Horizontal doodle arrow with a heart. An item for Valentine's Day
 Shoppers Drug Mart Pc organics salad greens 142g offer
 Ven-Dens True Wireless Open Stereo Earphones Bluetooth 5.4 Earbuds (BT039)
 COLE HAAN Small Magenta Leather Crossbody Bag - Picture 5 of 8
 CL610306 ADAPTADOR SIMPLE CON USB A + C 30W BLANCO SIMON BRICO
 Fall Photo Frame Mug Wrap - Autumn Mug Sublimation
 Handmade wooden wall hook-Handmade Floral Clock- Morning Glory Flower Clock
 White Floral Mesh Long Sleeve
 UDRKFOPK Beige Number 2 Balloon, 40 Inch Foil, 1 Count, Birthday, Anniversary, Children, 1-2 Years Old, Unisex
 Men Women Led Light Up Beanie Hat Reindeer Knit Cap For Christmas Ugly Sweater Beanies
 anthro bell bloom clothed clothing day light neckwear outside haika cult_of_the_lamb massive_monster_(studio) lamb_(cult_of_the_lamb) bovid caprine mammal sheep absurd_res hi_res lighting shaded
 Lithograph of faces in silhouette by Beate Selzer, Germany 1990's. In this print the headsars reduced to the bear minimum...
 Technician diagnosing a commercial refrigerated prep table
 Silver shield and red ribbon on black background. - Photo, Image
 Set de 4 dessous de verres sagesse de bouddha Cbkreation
================
__Exercise instructions__
Search the data for the string "Photo" and copy every line where it appears.

__Exercise output__
 Fall Photo Frame Mug Wrap - Autumn Mug Sublimation
 Silver shield and red ribbon on black background. - Photo, Image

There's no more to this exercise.